用務員さんが中をさらっと確認するのをやり過ごし。
そのあとで扉に鍵をかけた。
天女さんは隅っこの方で脱ぐと色々と支度をしてからきた。
カラーコンタクトいれたらしくて人間離れした綺麗さ。
胸も大きめで結構張りがあって形が崩れきらなかった。
俺はすごいドキドキしながら近づいていった。
「どう?」
「………」(言葉に出来ない)
「顔…凄いよ」
触れちゃ駄目だ。触れちゃ駄目だ。なんて連呼してたっけ。
数分そんな状態してたら扉の外が騒がしくなった。
天女さんは慌てて服を着て窓から逃げ出した。
俺はうっかり扉に鍵かけちゃったことにしてごめんごめんて言いながら開けに行った。

984 本当にあった怖い名無し sage 2012/05/30(水) 21:19:37.11 ID:HhN52zwF0
「ほんとに何もしなかったね。
触りたい位は言うんじゃないかって」
「約束は守るよ」
「良い人をそこまで徹底して出来るって凄いよね」
「え?」
「抑圧酷いと病気になるよ?
気持ちは口に出さないと
言うだけなら気にしないのに」
「そんなに…酷い?」
「悪い気しないけどね。心配にはなるくらいに」
天女さんが俺の手をとって手の甲にキスした。
この手ぜってえええええええあらわねえええええええええ!
って叫びたい衝動をどうにかこらえた。
天女さんが笑ってた。
「口に出せばいいのに」
「じゃあ出す。当分あらわない」
「じゃあ当分触りもしない」
「洗うから、またキスしてくれる?」
「やだ」

そして撮影日が来た。
俺は天女さんに誘われて撮影隊に合流した。
三台くらいのレンタカーのバンに分かれて移動。
さすが有名大の映画サークル。

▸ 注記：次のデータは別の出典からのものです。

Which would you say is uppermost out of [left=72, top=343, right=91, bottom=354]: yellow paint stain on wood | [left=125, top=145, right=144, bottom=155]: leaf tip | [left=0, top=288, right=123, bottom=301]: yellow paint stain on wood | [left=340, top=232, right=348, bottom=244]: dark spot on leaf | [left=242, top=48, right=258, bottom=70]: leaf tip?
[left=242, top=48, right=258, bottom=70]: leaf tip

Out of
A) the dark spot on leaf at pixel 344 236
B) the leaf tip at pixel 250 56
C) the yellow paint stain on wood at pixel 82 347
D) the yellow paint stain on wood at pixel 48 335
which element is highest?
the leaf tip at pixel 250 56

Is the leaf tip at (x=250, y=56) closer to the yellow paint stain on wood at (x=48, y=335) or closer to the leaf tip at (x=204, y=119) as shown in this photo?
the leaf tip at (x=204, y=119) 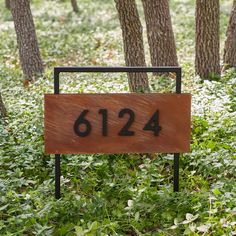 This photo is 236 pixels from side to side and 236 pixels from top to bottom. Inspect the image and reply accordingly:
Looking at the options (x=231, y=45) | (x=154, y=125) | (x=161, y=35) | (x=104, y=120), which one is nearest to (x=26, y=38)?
(x=161, y=35)

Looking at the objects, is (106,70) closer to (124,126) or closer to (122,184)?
(124,126)

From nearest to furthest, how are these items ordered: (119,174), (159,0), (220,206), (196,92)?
(220,206) → (119,174) → (196,92) → (159,0)

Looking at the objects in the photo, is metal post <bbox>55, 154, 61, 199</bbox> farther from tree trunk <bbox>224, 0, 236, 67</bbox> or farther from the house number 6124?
tree trunk <bbox>224, 0, 236, 67</bbox>

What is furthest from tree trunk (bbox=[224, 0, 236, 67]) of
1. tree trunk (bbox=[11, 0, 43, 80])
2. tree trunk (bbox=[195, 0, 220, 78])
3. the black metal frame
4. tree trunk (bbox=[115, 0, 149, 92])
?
the black metal frame

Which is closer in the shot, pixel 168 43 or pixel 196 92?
pixel 196 92

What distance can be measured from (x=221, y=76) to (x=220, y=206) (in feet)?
17.6

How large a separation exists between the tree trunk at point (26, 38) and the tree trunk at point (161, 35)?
3576 mm

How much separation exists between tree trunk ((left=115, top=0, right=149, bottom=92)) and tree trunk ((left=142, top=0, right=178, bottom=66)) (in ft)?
4.91

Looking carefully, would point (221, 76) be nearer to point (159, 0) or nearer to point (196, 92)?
point (196, 92)

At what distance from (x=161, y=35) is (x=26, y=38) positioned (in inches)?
160

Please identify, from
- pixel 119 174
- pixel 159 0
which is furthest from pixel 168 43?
pixel 119 174

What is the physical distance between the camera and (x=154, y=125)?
4492 mm

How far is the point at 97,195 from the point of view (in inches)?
184

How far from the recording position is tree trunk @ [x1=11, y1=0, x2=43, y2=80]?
11.7m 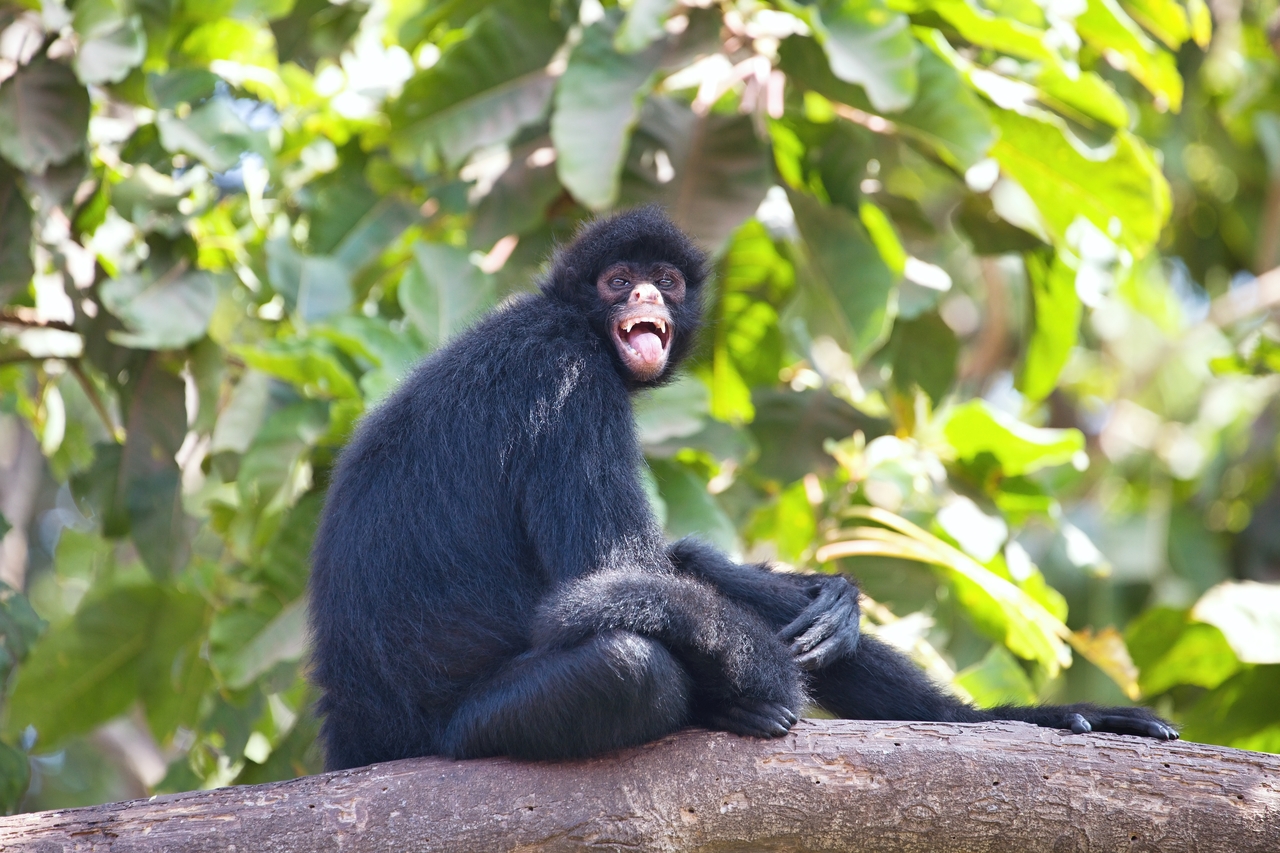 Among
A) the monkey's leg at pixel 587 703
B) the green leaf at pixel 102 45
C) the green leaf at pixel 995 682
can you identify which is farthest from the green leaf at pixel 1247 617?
the green leaf at pixel 102 45

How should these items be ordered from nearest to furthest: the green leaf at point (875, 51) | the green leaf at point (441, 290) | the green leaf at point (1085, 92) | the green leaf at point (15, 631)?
the green leaf at point (15, 631) < the green leaf at point (875, 51) < the green leaf at point (441, 290) < the green leaf at point (1085, 92)

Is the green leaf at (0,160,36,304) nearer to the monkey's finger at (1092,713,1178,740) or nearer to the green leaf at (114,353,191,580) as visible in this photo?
the green leaf at (114,353,191,580)

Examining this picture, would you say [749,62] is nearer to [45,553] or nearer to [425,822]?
[425,822]

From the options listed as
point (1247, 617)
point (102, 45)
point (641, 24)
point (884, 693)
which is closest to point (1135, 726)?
point (884, 693)

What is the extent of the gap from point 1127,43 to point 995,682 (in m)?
4.11

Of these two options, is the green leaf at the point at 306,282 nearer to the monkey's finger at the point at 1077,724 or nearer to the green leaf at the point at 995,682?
the green leaf at the point at 995,682

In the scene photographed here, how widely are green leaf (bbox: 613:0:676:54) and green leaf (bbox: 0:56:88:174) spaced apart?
2.87 m

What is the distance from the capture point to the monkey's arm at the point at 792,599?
4.51 m

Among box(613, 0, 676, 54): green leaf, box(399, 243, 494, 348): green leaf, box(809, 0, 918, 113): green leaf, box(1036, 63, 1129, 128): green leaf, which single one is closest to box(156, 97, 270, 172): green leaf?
box(399, 243, 494, 348): green leaf

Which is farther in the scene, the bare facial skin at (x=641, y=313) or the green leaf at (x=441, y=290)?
the green leaf at (x=441, y=290)

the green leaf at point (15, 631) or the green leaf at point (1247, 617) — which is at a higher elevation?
the green leaf at point (15, 631)

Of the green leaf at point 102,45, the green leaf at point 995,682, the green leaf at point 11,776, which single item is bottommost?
the green leaf at point 995,682

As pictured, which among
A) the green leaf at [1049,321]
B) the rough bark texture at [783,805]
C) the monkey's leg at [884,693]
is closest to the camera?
the rough bark texture at [783,805]

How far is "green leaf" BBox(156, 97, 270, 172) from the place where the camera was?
20.8 feet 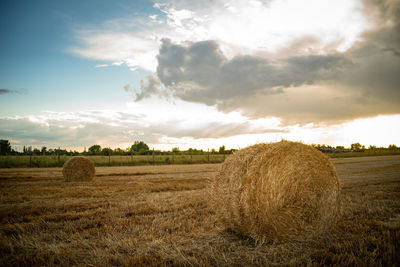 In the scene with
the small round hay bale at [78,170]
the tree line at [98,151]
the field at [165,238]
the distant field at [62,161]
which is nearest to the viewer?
the field at [165,238]

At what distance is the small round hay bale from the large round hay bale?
11889 mm

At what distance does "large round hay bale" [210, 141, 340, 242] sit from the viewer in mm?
4777

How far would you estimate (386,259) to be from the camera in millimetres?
3689

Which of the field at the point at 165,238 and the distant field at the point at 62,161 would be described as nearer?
the field at the point at 165,238

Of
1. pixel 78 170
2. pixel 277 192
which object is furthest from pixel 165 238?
pixel 78 170

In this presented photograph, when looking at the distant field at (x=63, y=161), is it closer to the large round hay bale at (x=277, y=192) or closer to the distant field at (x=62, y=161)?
the distant field at (x=62, y=161)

積み込み手伝ってる時みたら結構機材も充実してた。
古めだったけど、うちの大学の講堂の裏にある手作りのやつよりはよっぽどまし。
天女さんは口数少なかった。撮影前でどんどん緊張してたみたい。
あっちの大学の人から、二人はどういう関係って聞かれて。友達と答えようとしたら。
「恋人」
天女さんが思いもよらない事を言って、ちょっとびっくりした。

995 本当にあった怖い名無し sage 2012/05/30(水) 23:17:23.73 ID:HhN52zwF0
撮影場所は伊豆の別荘地外れのログハウス。
この暑い中、ライダースーツ着てるゴツいのが、俺のオヤジのって自慢してた。
俺は勝手もわからないままレフスタンド一つ任された。
別荘の中では、天女さんがライダースーツに追い回されるシーンがいくつか取られた。
台本もみてないしさっぱりだったんでどんな話かってきいたらサイコホラーとか。
監督は学生監督として処女作品で入選までいったってやつで。
とにかく演技へのダメ出しも半端なくて、短いからいいようなものの。
同じシーン20回とか撮り直しかけたり。
「ばっかやろう!走り回ったら汗ばむのあたりまえだろ。
少しくらい化粧崩れたほうがリアリティあんだよリアリティ!
化粧直し過ぎんなって何度いったらわかるんだよ!」
みたいにもの凄い剣幕で怒鳴り散らす一幕もあった。
すげえな、映画の世界。
こういうやつがきっとクオリティ高い作品作って本職になるんだと思った。
ベッドシーンっていう割りに、なんか荒っぽいシーンばっかりとってる。
一日目の撮影が終わって、自由時間に外に出てたら天女さんが来て
「ちょっと聞いてくれる…?」
実は台本が差し替えられてベッドシーンよりもどぎついシーンになってたらしい。
ヒロインの凄惨な過去がどうしても作品に必要だと言われて仕方なく承諾したんだとか。
まだ納得はいってないけど撮影が佳境に来て出来栄えの手応えを皆実感してるから
クオリティのためと言われると引き受けざるを得なかった。
俺が呼ばれたのは心強い友達にいてほしかったから、だそうだ。